Southwest Conference Revisionists History Beware

I’m seeing a lot of comments about the schedule reminding some here about the good ol’ SWC days when we played some of these schools on a yearly basis.

People are excited as they should be. Hell, I’m excited. So much so that I’m looking to add to my season ticket count from 4 to 8 seats per game.

But let’s look at things a little closer and see if this whole SWC nostalgic rhetoric is even close to what we’re going to experience in 2023 and possibly 2024.

Houston Cougars Football joined the SWC in 1976. They retained a membership until the SWC dissolved in 1996.

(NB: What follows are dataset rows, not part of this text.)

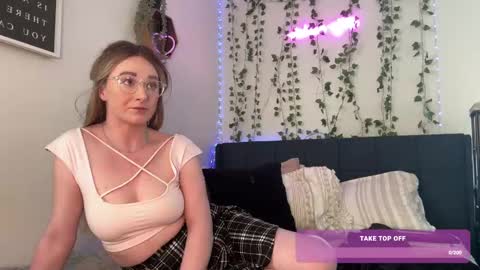 Snapshot of kisskatie chatting on March 2025 04:32:02 PM Kaitie online show from March 2025 04:32:02 PM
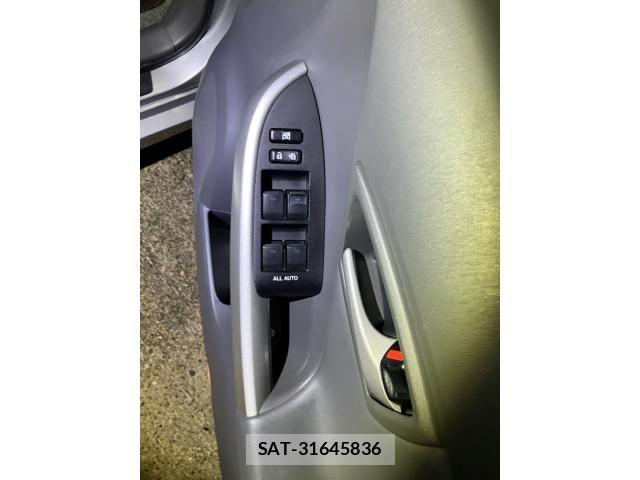 Toyota PRIUS 2011-01 8458241-4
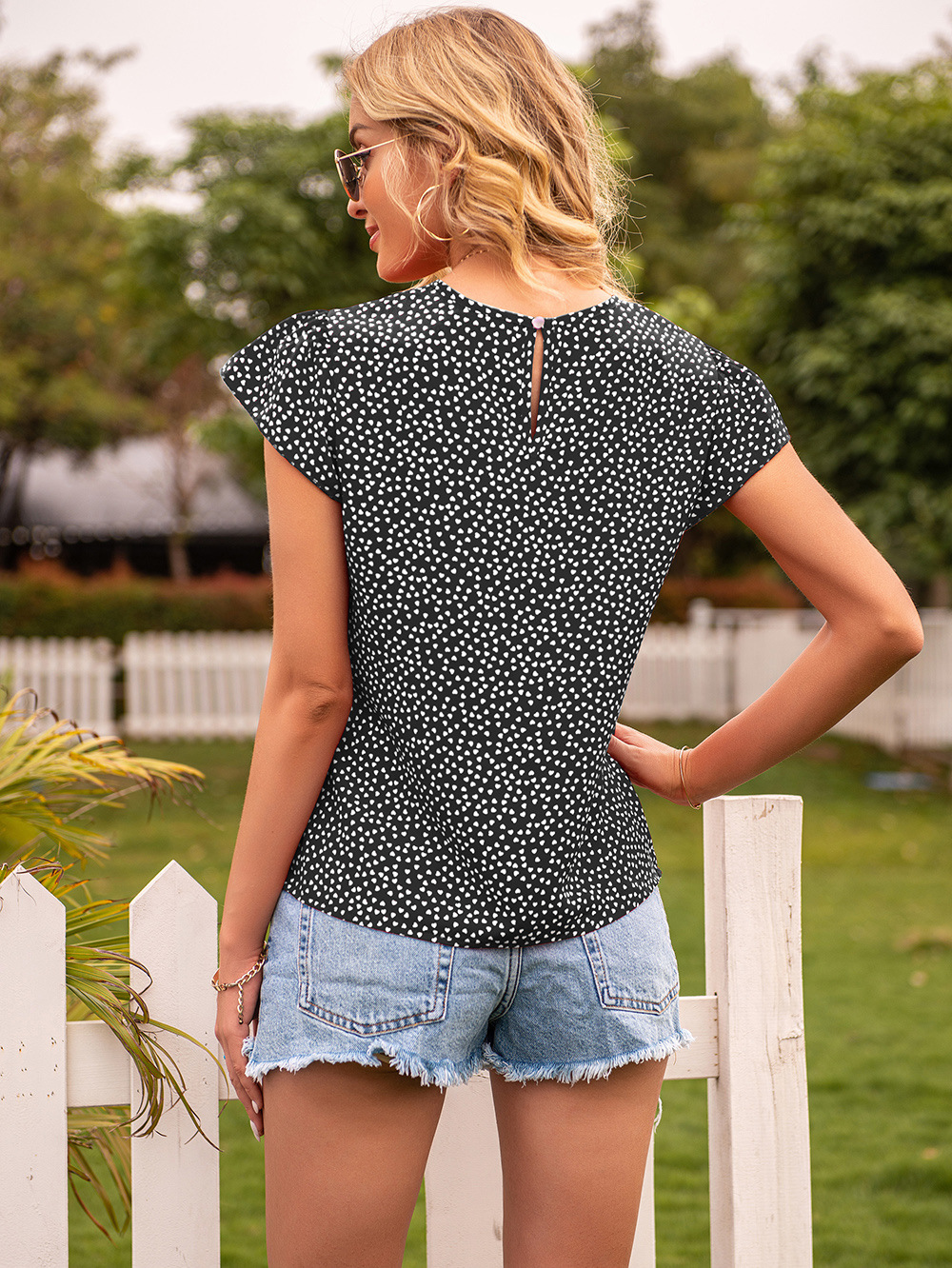 Top con cuello redondo y manga corta con estampado de lunares NSYBL120686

That makes 20 years as a member of this illustrious (I use that term lightly) conference. Members during our tenure in the SWC:

Arkansas (joined SEC in 1991)
Texas
Rice
SMU
Texas Tech
TCU
Texas A&M
Baylor

So let me break this down. We played 3 former SWC schools the last two seasons (Tech, Rice, and SMU) and we stand to play 5 schools this season (Rice OOC, Baylor, Tech, Texas, TCU IC).

That is pretty exciting stuff as far as taking a trip down memory lane with all these old matchups. However, for some who were introduced to football in the 80s as kids, the SWC was mired in scandal. This led to tv blackouts, reduced scholarships, probation, bowl ineligibility, and a death penalty.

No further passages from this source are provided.